Detractors have claimed that Mr. Trump has been unfit for duty since the first day he stepped into the Oval Office in 2017. And indeed, it is reasonable to assert that someone who appears to be malignantly narcissistic, ostentatiously incompetent, and hideously immoral should not be the leader of the free world. But to remove the President from the White House now, which some Democrats are calling for because of his latest imperial-minded antics, would require demonstrating that Mr. Trump is fundamentally unable to do his job. It would also require executive sign-on, which almost certainly wouldn’t happen. Considering all that Republicans have tolerated from Mr. Trump, it is unfathomable to think they would take the extreme step that the Democrats, under Mr. Biden, would not.

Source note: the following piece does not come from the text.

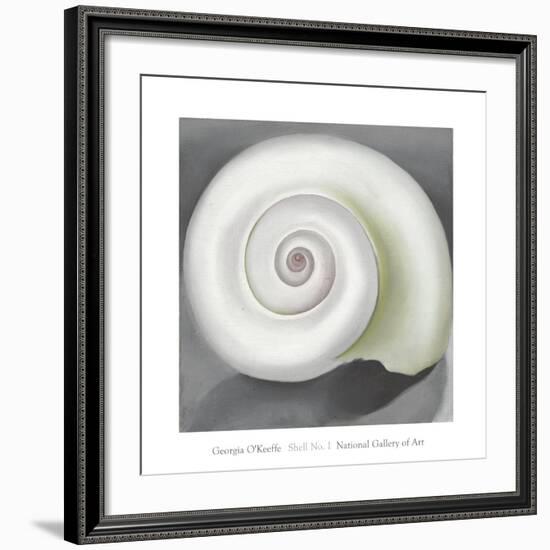 Shell No. I, 1928-Georgia O'Keeffe-Framed Art Print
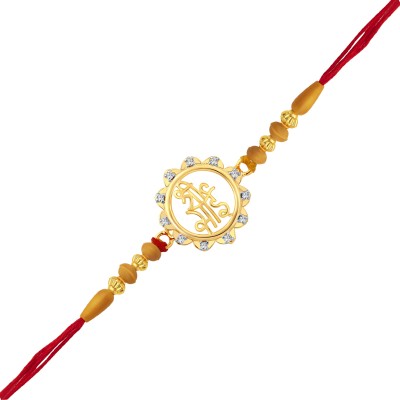 VIGHNAHARTA Religious 01047RKG Gold Finish Rakhi  Set(1 Rakhi)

Some will claim that the Donald Trump we’re seeing now is the one who he has always been, if slightly more exaggerated, and slightly less restrained. Indeed, it is hard to see the change when we’ve been watching him destroy established norms for years, and ramble on for decades. But there is something different about a U.S. President legitimately risking triggering Article 5 of the North Atlantic Treaty, over a place he keeps mistakenly calling “Iceland,” because he didn’t win a prize, while repeatedly falling asleep in meetings. That President may still be able to win a debate, but he should not be trusted to run the free world.